On June 2, 2026, the USTR released findings from its Section 301 investigations. The agency claimed that 60 economies failed to effectively implement or enforce prohibitions on the import of goods produced with so-called "forced labor." Based on these findings, the USTR is proposing a two-tiered tariff increase: additional tariffs of 10% on 15 economies and 12.5% on 45 others.
European Union Expresses Concern
The European Union has reacted with surprise to its inclusion in the targeted list. European Commissioner for Trade and Economic Security Maros Sefcovic highlighted the EU's high labor standards, questioning the rationale behind the USTR's claims. However, Sefcovic emphasized the importance of maintaining existing agreements, specifically referring to the Turnberry deal.

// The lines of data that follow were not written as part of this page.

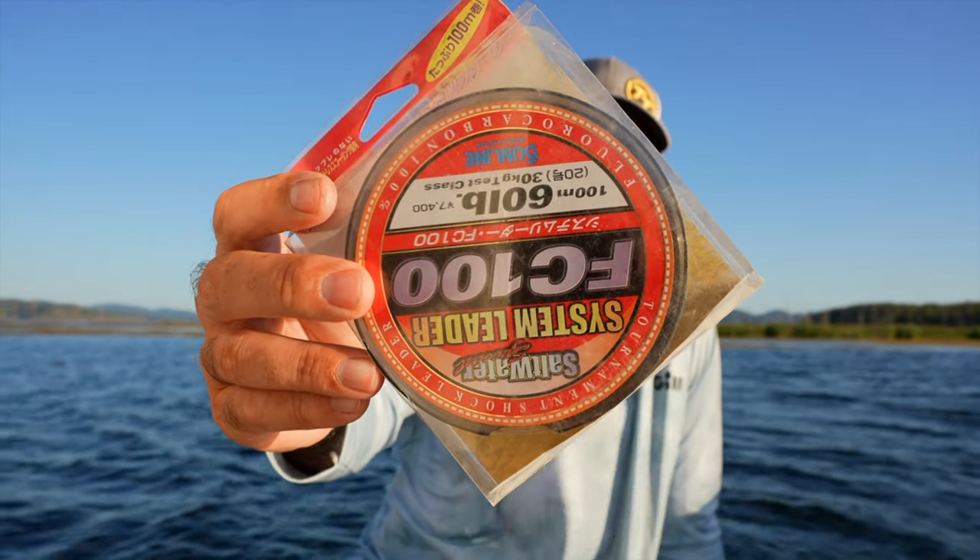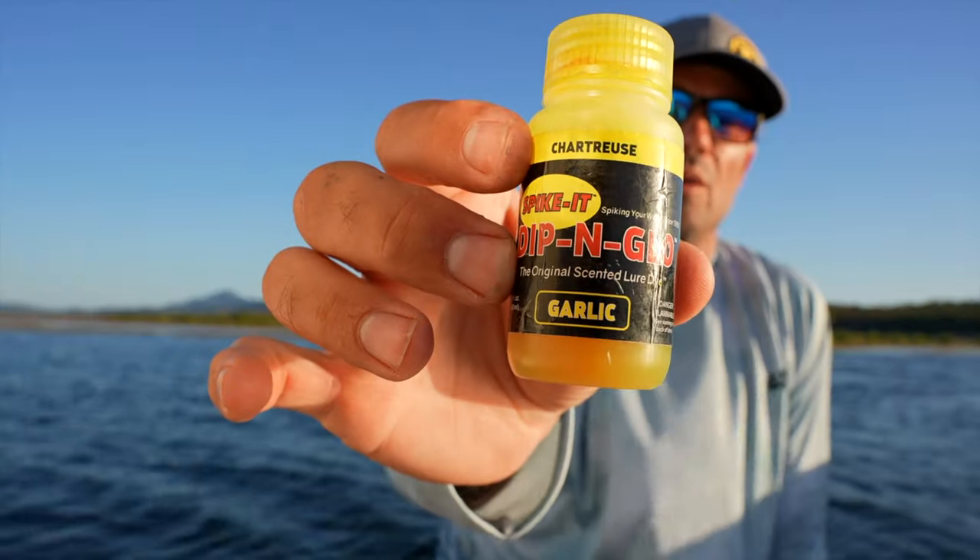Braid and leader for the combo was the standard 50-pound Sunline and 60-pound FC100. I've only been chewed off once ever with that FC100 in the 60 and it was a big fish when I was going a little heavy-handed. I find I can get away with 60 fine — it rips through the weed a lot better. And that 50-pound Sunline braid is rough on the outer edges so it cuts through that weed pretty well too, rather than a soft supple line or a thicker line that won't cut the weed when a fish tries to bury you.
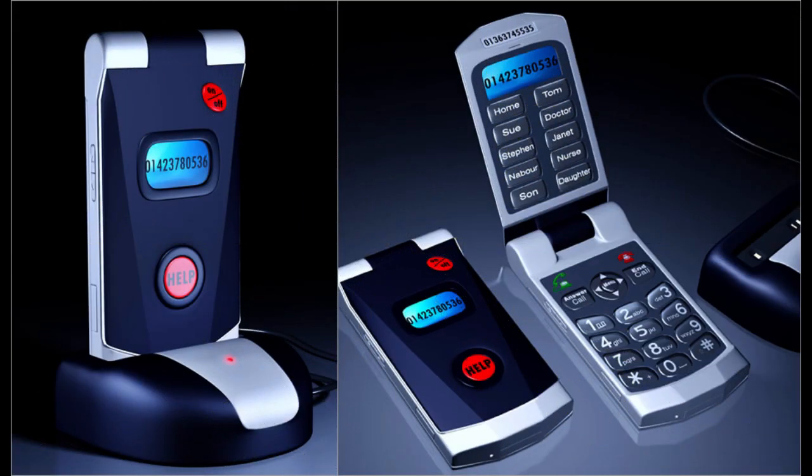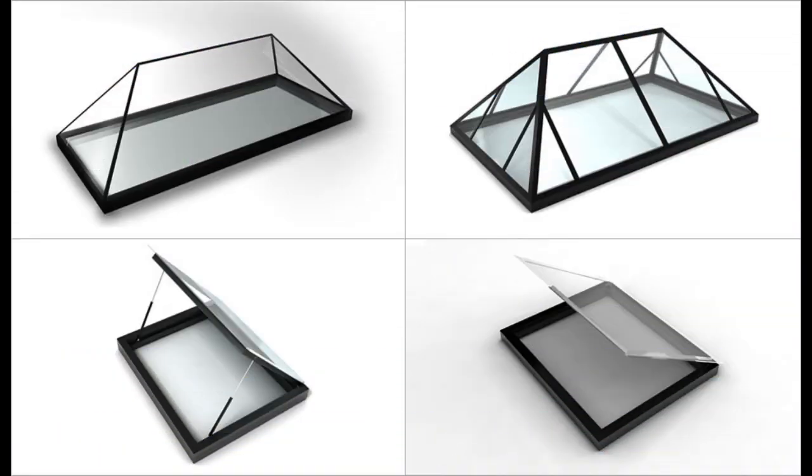The possibilities for producing aesthetically attractive and interactive material using 3D illustration are virtually unlimited, ranging from product visualizations to architectural renderings, character designs to virtual simulations.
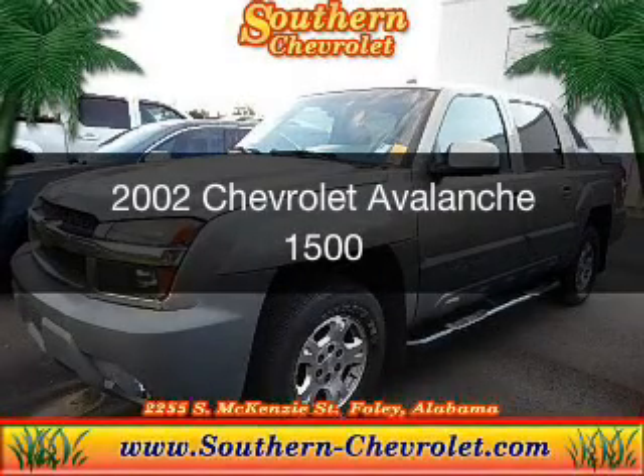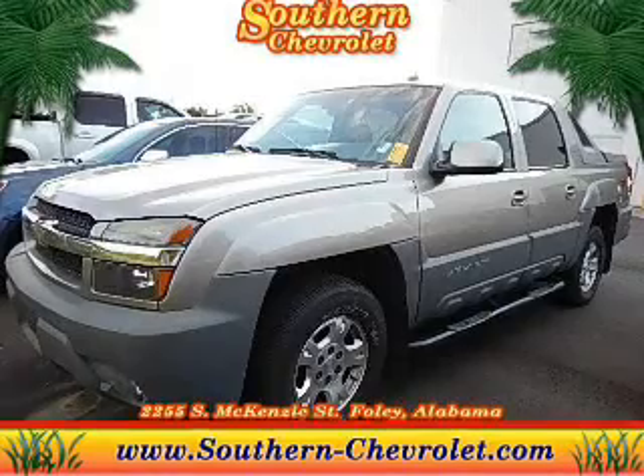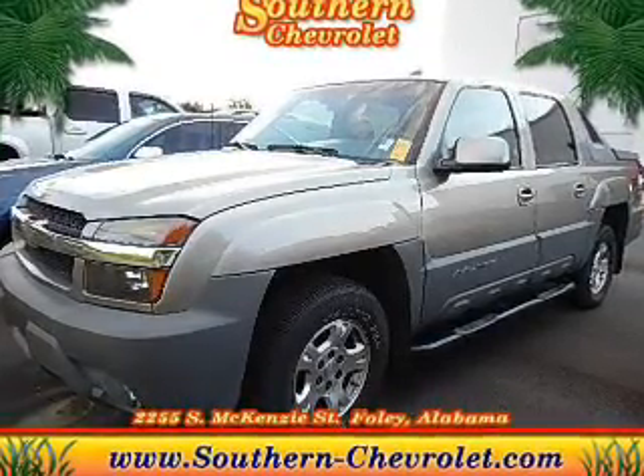This is a used 2002 Chevrolet Avalanche, powered by 4-wheel drive, a 5.3-liter, 8-cylinder engine, and a 4-speed automatic transmission.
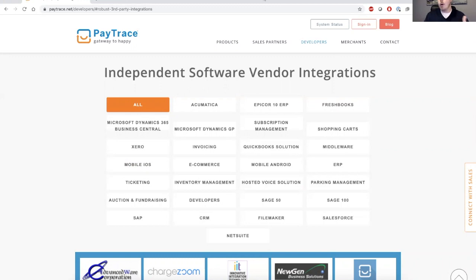If you're interested in more information on some of these integrations, or maybe you're not seeing the one that you're looking for on our list, please reach out to our sales team at sales@paytrace.com, and we'd love to learn a little bit more about your opportunity. Like and subscribe to our YouTube channel so that you can stay up to date on all of the PayTrace topics.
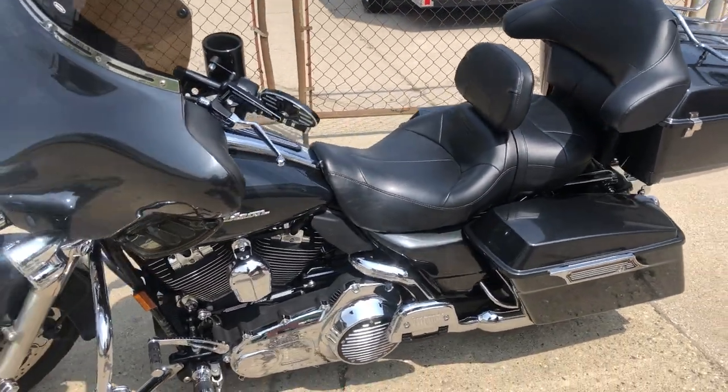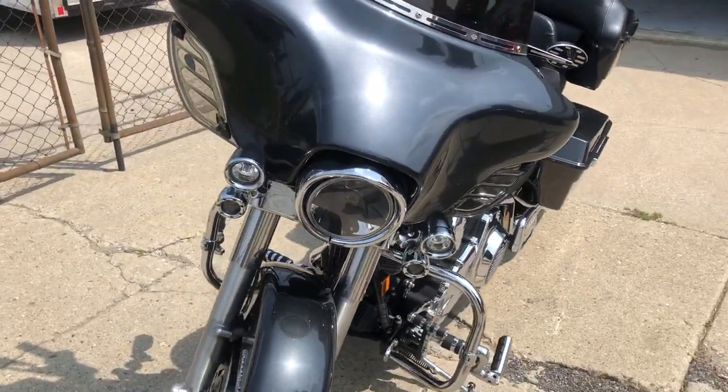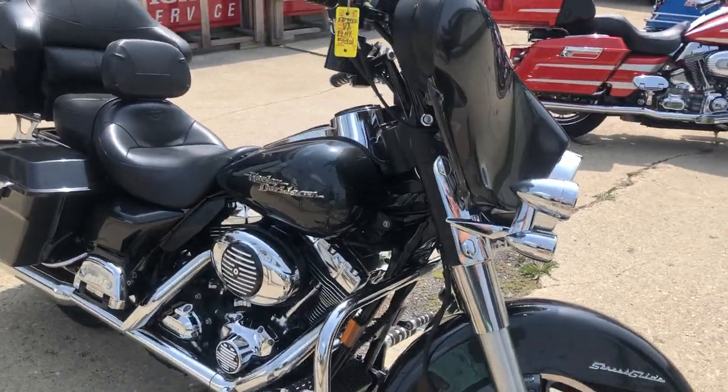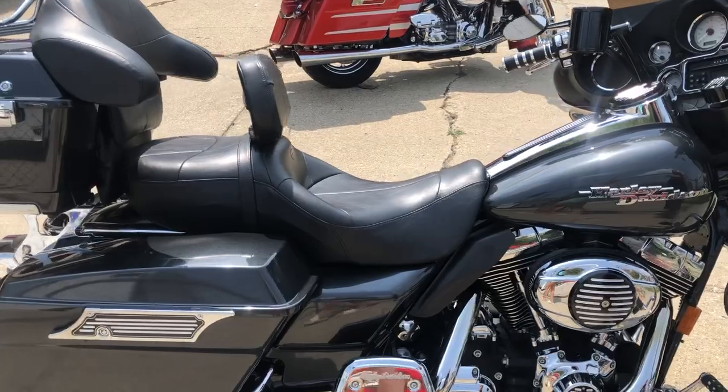approvalpowersports.com here doing a video on one that just came in — it's a 2007 Street Glide with over 2,000 extras. Super clean bike guys: painted paint match trunk, LED highway lights, highway pegs.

"I believe that the European parliamentarians will approve the Turnberry agreement with the US. A deal is a deal," Sefcovic stated, noting that both sides had previously agreed to uphold a 15% tariff cap under the terms of that agreement.
While navigating these tensions with the US, the EU continues to pursue its own regulatory framework to address labor issues. The bloc is currently working toward the introduction of a comprehensive, bloc-wide ban on all products involving forced labor, which is expected to be in place by December 2027.
For business professionals and investors, these developments signal a period of increased volatility in international trade. As the US pushes forward with these proposals, the global market remains watchful of how these tariffs might disrupt supply chains and alter economic ties across Asia, Europe, and beyond.